Some of the Company’s midstream assets, including certain pipelines and the natural gas processing plants, have contractual or regulatory obligations to perform remediation and, in some instances, dismantlement and removal activities, when the assets are abandoned. The Company is not able to reasonably estimate the fair value of the asset retirement obligations for these assets because the settlement dates are indeterminable given the expected continued use of the assets with proper maintenance. The Company will record asset retirement obligations for these assets in the periods in which the settlement dates are reasonably determinable.
The Company determines the ARO by calculating the present value of estimated cash flows related to the liability. Estimating the future ARO requires management to make estimates and judgments regarding timing and existence of a liability, as well as what constitutes adequate restoration. Inherent in the fair value calculation are numerous assumptions and judgments including the ultimate costs, inflation factors, credit adjusted discount rates, timing of settlement and changes in the legal, regulatory, environmental and political environments. These assumptions represent Level 3 inputs, as further discussed in Note 7 — Fair Value Measurements. To the extent future revisions to these assumptions impact the fair value of the existing ARO liability, a corresponding adjustment is made to the related asset.
Revenue Recognition
Revenue Recognition
In the first quarter of 2018, the Company adopted Accounting Standards Update No. 2014-09, Revenue from Contracts with Customers, and a series of related accounting standards updates incorporated into GAAP as Accounting Standards Codification Topic 606 (“ASC 606”) using the modified retrospective method. The Company applies ASC 606 to all new contracts entered into after January 1, 2018 and all existing contracts for which all (or substantially all) of the revenue has not been recognized under legacy revenue guidance as of December 31, 2017. ASC 606 includes a five-step revenue recognition model to depict the transfer of goods or services to customers in an amount that reflects the consideration to which the Company expects to be entitled in exchange for those goods or services. Enhanced disclosures in accordance with ASC 606 have been provided in Note 4—Revenue Recognition.

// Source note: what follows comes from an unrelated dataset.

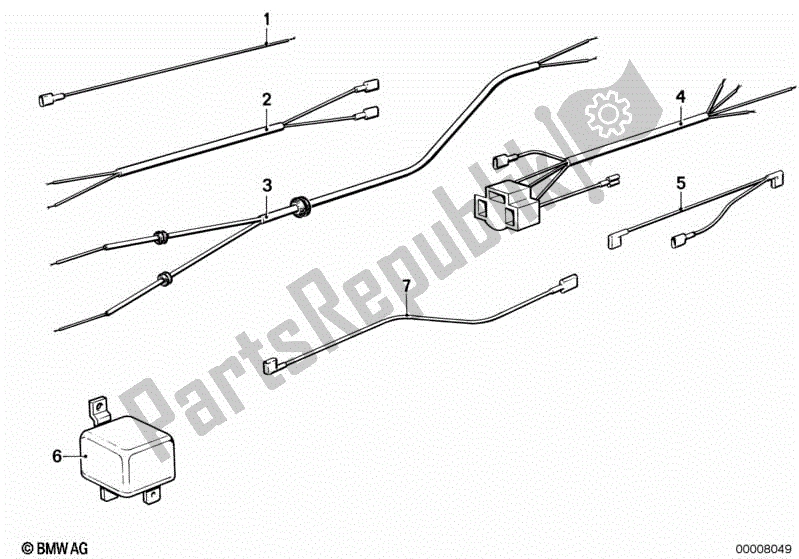 All parts for the Various Additional Wiring Sets of the BMW R 50/5 500 1970 - 1973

The unit of account in ASC 606 is a performance obligation, which is a promise in a contract to transfer to a customer either a distinct good or service (or bundle of goods or services) or a series of distinct goods or services provided over a period of time. ASC 606 requires that a contract’s transaction price, which is the amount of consideration to which an entity expects to be entitled in exchange for transferring promised goods or services to a customer, is to be allocated to each performance obligation in the contract based on relative standalone selling prices and recognized as revenue when (point in time) or as (over time) the performance obligation is satisfied.

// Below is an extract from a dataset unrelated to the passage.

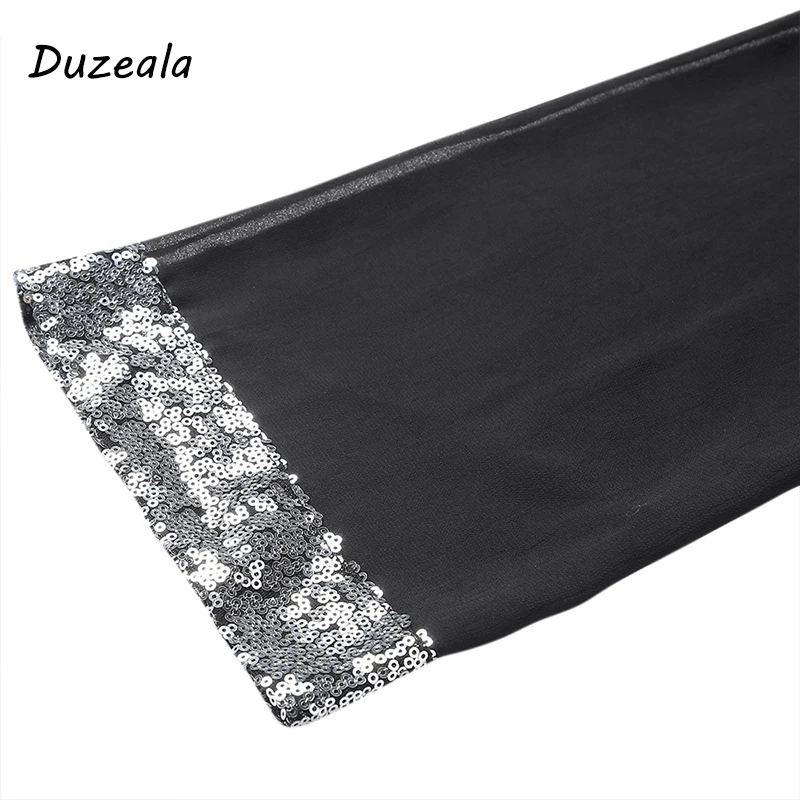 Duzeala, Новое поступление, шифоновое прямое женское платье,, элегантное, английский стиль, весна, хорошее качество, длина выше колена, платья с блестками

Crude oil, natural gas and natural gas liquids (“NGL”) revenues from the Company’s interests in producing wells are recognized when it satisfies a performance obligation by transferring control of a product to a customer. Substantially all of the Company’s crude oil and natural gas production is sold to purchasers under short-term (less than twelve-month) contracts at market-based prices, and the Company’s NGL production is sold to purchasers under long-term (more than twelve-month) contracts at market-based prices. The sales prices for crude oil, natural gas and NGLs are adjusted for transportation and other related deductions. These deductions are based on contractual or historical data and do not require significant judgment. Subsequently, these revenue deductions are adjusted to reflect actual charges based on third-party documents. Since there is a ready market for crude oil, natural gas and NGLs, the Company sells the majority of its production soon after it is produced at various locations. As a result, the Company maintains a minimum amount of product inventory in storage.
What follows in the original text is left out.